"Discussions of Israel's military trade usually focus on the flow of weapons into the country - US-made Caterpillar bulldozers used to destroy homes in the West Bank, and British companies supplying parts for F-16s. Overlooked is Israel's huge and expanding export business. Israel now sends $1.2bn in "defence" products to the United States - up dramatically from $270m in 1999. In 2006, Israel exported $3.4bn in defence products - well over a billion more than it received in American military aid. That makes Israel the fourth largest arms dealer in the world, overtaking Britain.
Much of this growth has been in the so-called homeland security sector. Before 9/11 homeland security barely existed as an industry. By the end of this year, Israeli exports in the sector will reach $1.2bn, an increase of 20%. The key products and services are hi-tech fences, unmanned drones, biometric IDs, video and audio surveillance gear, air passenger profiling and prisoner interrogation systems - precisely the tools and technologies Israel has used to lock in the occupied territories.
And that is why the chaos in Gaza and the rest of the region doesn't threaten the bottom line in Tel Aviv, and may actually boost it. Israel has learned to turn endless war into a brand asset, pitching its uprooting, occupation and containment of the Palestinian people as a half-century head start in the "global war on terror".
It's no coincidence that the class projects at Ben-Gurion that so impressed Friedman have names like Innovative Covariance Matrix for Point Target Detection in Hyperspectral Images, and Algorithms for Obstacle Detection and Avoidance. Thirty homeland security companies have been launched in Israel during the past six months alone, thanks in large part to lavish government subsidies that have transformed the Israeli army and the country's universities into incubators for security and weapons start-ups - something to keep in mind in the debates about the academic boycott.

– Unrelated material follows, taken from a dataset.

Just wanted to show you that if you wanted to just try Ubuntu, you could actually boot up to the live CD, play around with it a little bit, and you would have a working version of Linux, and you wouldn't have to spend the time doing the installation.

Next week, the most established of these companies will travel to Europe for the Paris Air Show, the arms industry's equivalent of Fashion Week. One of the Israeli companies exhibiting is Suspect Detection Systems (SDS), which will be showcasing its Cogito1002, a white, sci-fi-looking security kiosk that asks air travellers to answer a series of computer-generated questions, tailored to their country of origin, while they hold their hand on a "biofeedback" sensor. The device reads the body's reactions to the questions, and certain responses flag the passenger as "suspect".
Like hundreds of other Israeli security start-ups, SDS boasts that it was founded by veterans of Israel's secret police and that its products were road-tested on Palestinians. Not only has the company tried out the biofeedback terminals at a West Bank checkpoint, it claims the "concept is supported and enhanced by knowledge acquired and assimilated from the analysis of thousands of case studies related to suicide bombers in Israel".

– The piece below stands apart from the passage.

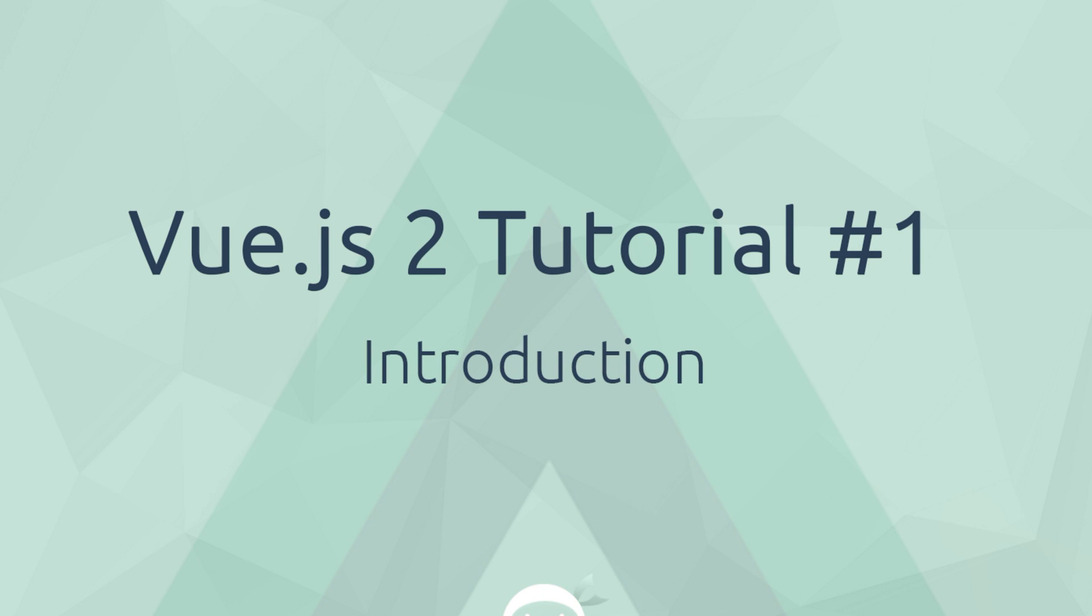Howdy gang and welcome to the first lesson of what I think is quite possibly the best Vue.js 2 tutorial series on YouTube, but then I am biased.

Another star of the Paris Air Show will be Israeli defence giant Elbit, which plans to showcase its Hermes 450 and 900 unmanned air vehicles. As recently as last month, according to press reports, Israel used the drones on bombing missions in Gaza. Once tested in the territories, they are exported abroad: the Hermes has already been used at the Arizona-Mexico border; Cogito1002 terminals are being auditioned at an unnamed American airport; and Elbit - also one of the companies behind Israel's "security barrier" - has set up a deal with Boeing to construct the Department of Homeland Security's $2.5bn "virtual" border fence around the US."